PDF Edition
Download
 
 
 

by Christopher Cappiello

Gay Iranian wins asylum in Britain

A gay Iranian teen whose asylum case was denied last year has been granted asylum after the U.K. Border Agency reconsidered his case, BBC News reports.

Mehdi Kazemi, 19, came to London to study English in 2005. He later learned that his boyfriend in Iran had been arrested, convicted of sodomy and hanged. He claimed that he, too, would be hanged if he returned home.

“As I argued over the last 18 months, the Home Office should not send gay and lesbian peopleback to countries where they will be at risk of persecution, torture or death,” Liberal Democrat Simon Hughes told Agence France-Presse. The lawmaker has been one of Kazemi’s strongest advocates in Britain.

After losing his initial case last year, Kazemi went to the Netherlands and sought asylum there. A European Union treaty, however, only allows for an individual to seek asylum in the first nation he or she enters in the EU. Dutch officials refused to hear the case on those grounds, causing an international groundswell of support for the young man.

“The U.K. Border Agency considers each case on its individual merits and will continue to provide refuge for those asylum seekers with a genuine need for protection,” an agency spokesperson told AFP. “We keep cases under review where circumstances have changed, and it has been decided that Mr. Kazemi should be granted leave to remain in the U.K. based on the particular facts of this case.”


Indian lesbian couple commit suicide

After suffering disapproval and harassment from relatives for years, two married Indian women who allegedly had a long-term lesbian relationship committed suicide by setting themselves on fire in bed, the Times of India reports.

Police in the southeastern Indian town of Sathangadu identified the women as Christy Jayanthi Malar, 38, and Rukmani, 40. They reportedly met in school many years ago and subsequently both married men. When Rukmani moved to a town near Sathangadu with her husband 10 years ago, the women were reunited and began a physical relationship.

The Times reports that the women’s families disapproved, with Rukmani’s relatives forcing her to marry another man after her divorce, and moving her to a different town to separate the couple.
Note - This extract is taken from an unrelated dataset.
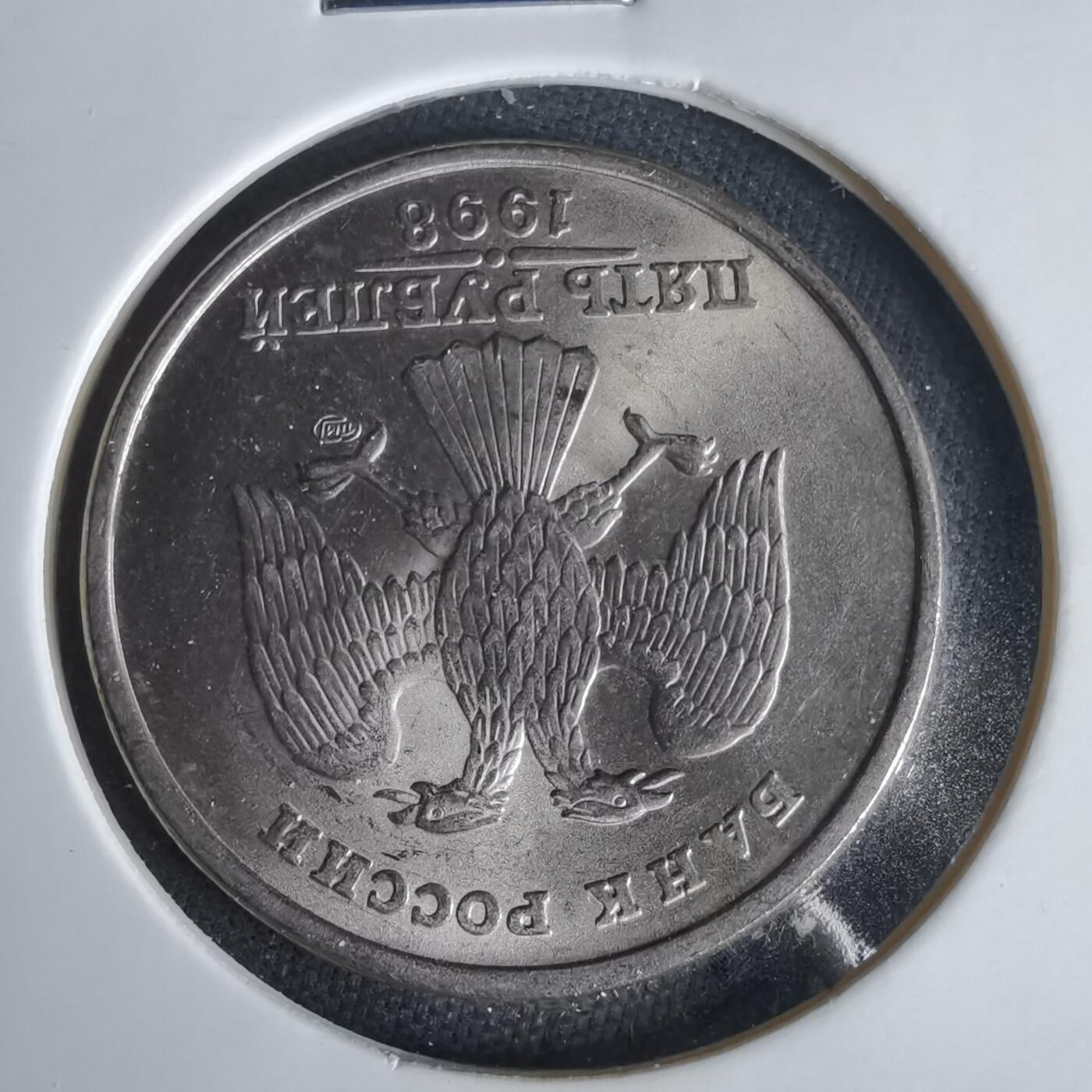 沼泽如烟--第1049场 俄罗斯1998年5卢比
On May 16, Rukmani reportedly went to Malar’s house after their husbands had left for work. When Rukmani’s relatives came looking for her, an argument ensued. In spite of the family members’ objections, the women insisted on remaining together at Malar’s house.

“Around midnight, they poured kerosene on their bodies and set themselves on fire,” an investigating officer told the Times. “They appear to have hugged each other during the final moments of their [lives],” he said.

The following morning, relatives found the charred bodies in an embrace.

The shocking story has sparked a discussion of LGBT rights in a country where sex between members of the same sex is still illegal in laws held over from British colonial rule.

“We have reached the stage where one has to accept relationships which are not termed normal,” lawyer and activist Sudha Ramalingam told the Times. “Everyone has the right, especially two consenting adults, to choose their way of life.”


Gambian president calls for beheading gays

President Yahya Jammeh of the tiny African nation of the Gambia told supporters on May 18 that he would seek to “cut off the head” of any homosexuals discovered in his country, giving gays and lesbians 24 hours to leave the country.

“The Gambia is a country of believers,” the 43-year-old ruler said, according to BBC News. “Sinful and immoral practices [such] as homosexuality will not be tolerated in this country.”

Jammeh also encouraged the government to adopt laws “stricter than those in Iran” regarding homosexuality.

The Gambia, a former British colony that gained independence in 1965, is estimated to be 90 percent Islamic, and Jammeh presents himself as a devout Muslim.

“What President Jammeh fails to realize is that there are a significant population of Gambians who are gay, and he has no right to ask them to leave,” said Carey Johnson, of the International Gay and Lesbian Human Rights Council, according to BBC. “He’s fighting to maintain his control over the country, he finds the weakest group and lays all the problems at their door,” Johnson said.

The Gambia is the smallest nation on the continental mainland of Africa. With a tiny sliver of coast on the Atlantic Ocean, the country is primarily surrounded by neighboring Senegal.

Jammeh seized power in a bloodless coup in 1994. He survived a coup attempt himself in 2006. Last year he earned international criticism for claiming to be able to cure HIV/AIDS with natural herbs.